SOURCE DATA START

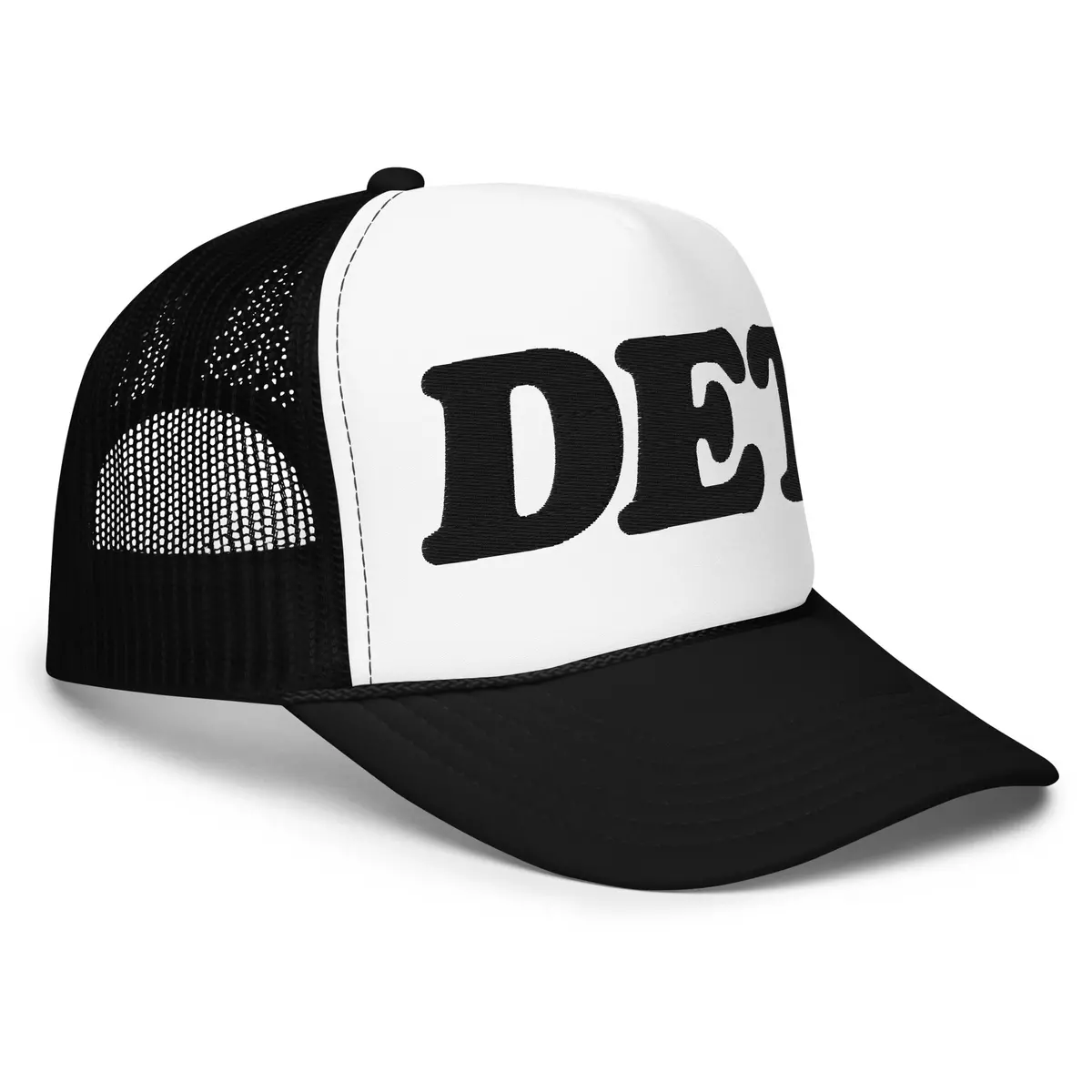 Det Foam Trucker Hat - Embroidered - Black / White 1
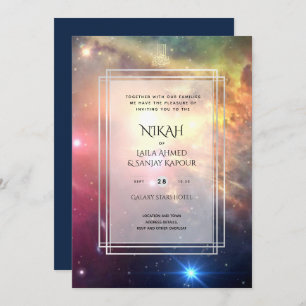 NIKAH Galaxy Wedding Invite Islamic Calligraphy Kaart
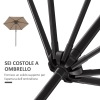 PatioKingdom Ombrello Da Giardino Con Manovella E Inclinazione – 2,7/3/3,4 M – Stecche In Fibra Di Vetro – Protezione UV 50+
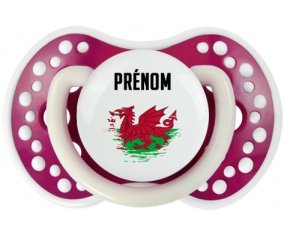 Drapeau effet pinceau Pays de Galles avec prénom Sucette LOVI Dynamic Fuchsia phosphorescente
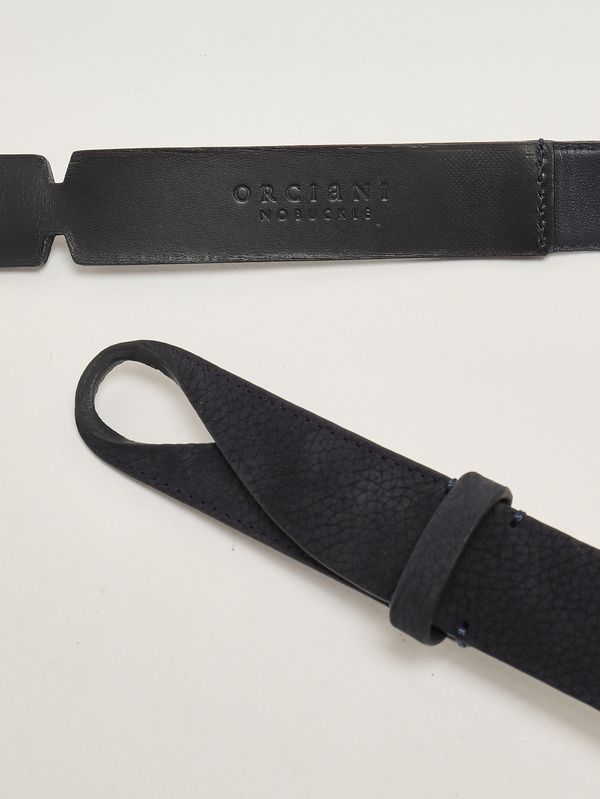 3. Cintura uomo No Buckle Nabucco in pelle nabuk Notte Orciani nb0127nab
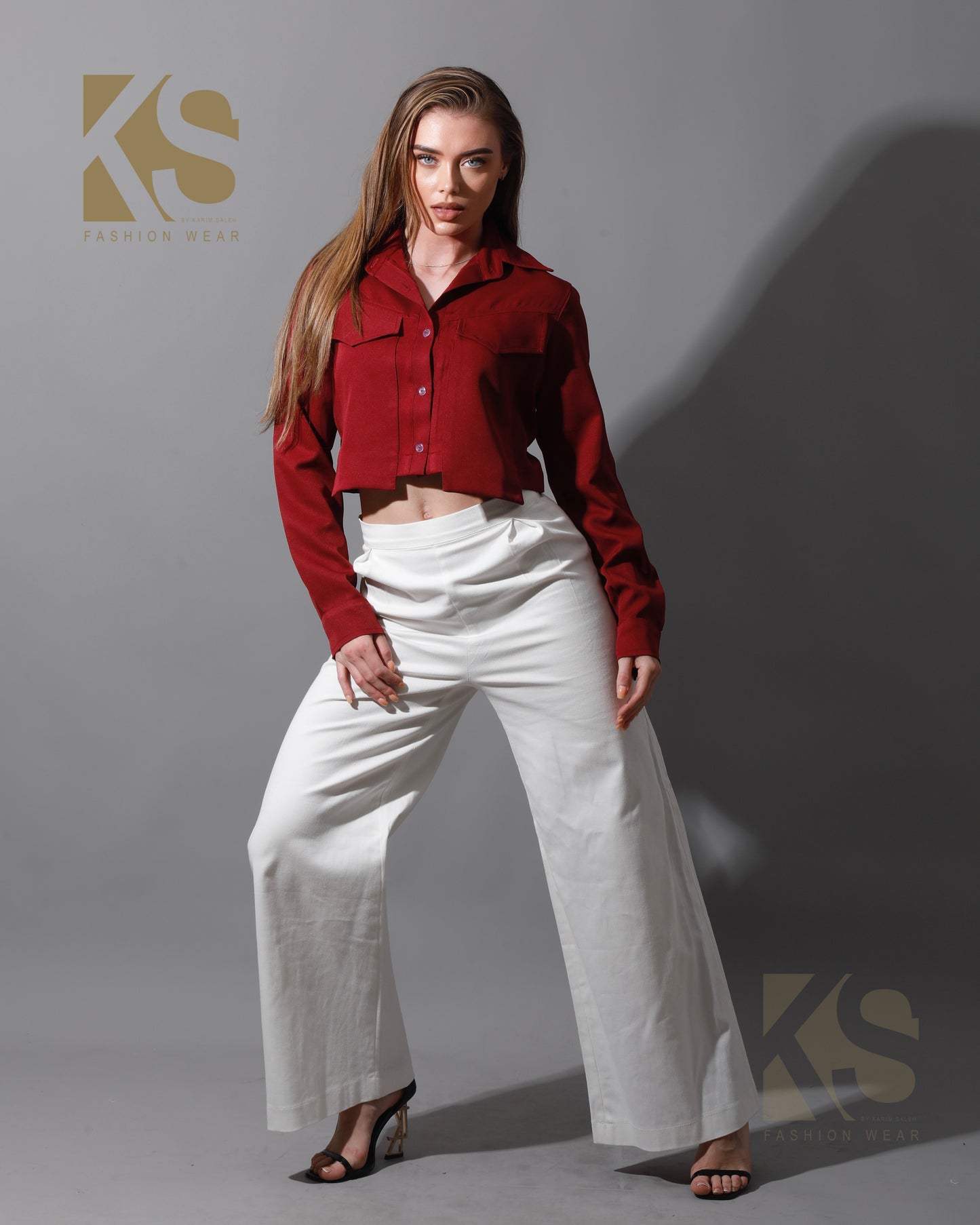 Pockets Cropped Shirt - Maroon
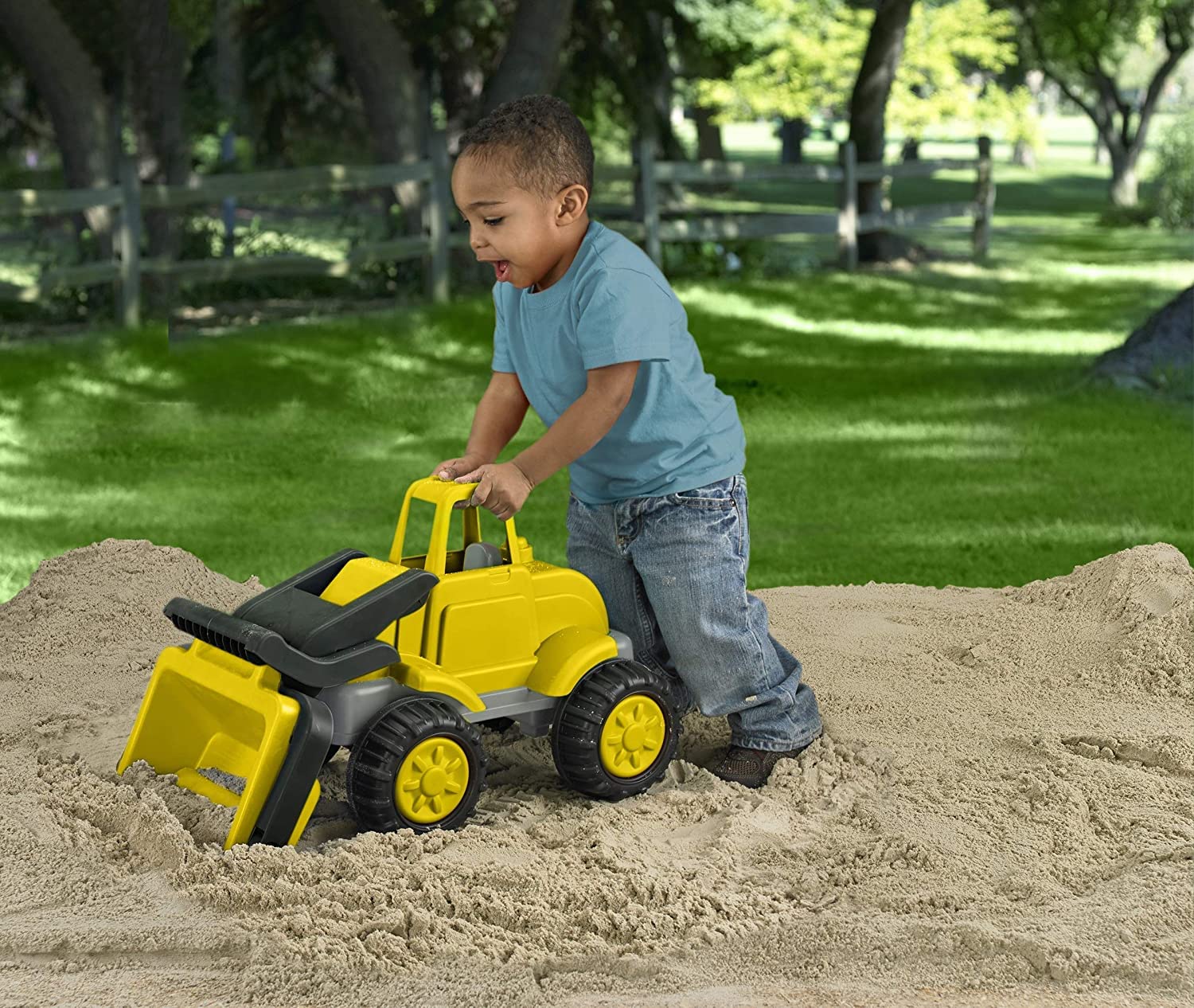 American Plastic Toys Kids?ÇÖ Yellow Gigantic Loader Truck, Tilting Loading Dump Bucket, Knobby Wheels, & Metal Axles Fit for Indoors & Outdoors, Haul Sand, Dirt, or Toys, for Ages 2+, ( blue/ orange)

SOURCE DATA END

### DESCRIPTION OF THE TASK
With the pictures left out, output the lines from the one containing "3. Cintura uomo" through the last line of the records above, exactly as they are.

### RESPONSE TO THE EXERCISE
 3. Cintura uomo No Buckle Nabucco in pelle nabuk Notte Orciani nb0127nab
 Pockets Cropped Shirt - Maroon
 American Plastic Toys Kids?ÇÖ Yellow Gigantic Loader Truck, Tilting Loading Dump Bucket, Knobby Wheels, & Metal Axles Fit for Indoors & Outdoors, Haul Sand, Dirt, or Toys, for Ages 2+, ( blue/ orange)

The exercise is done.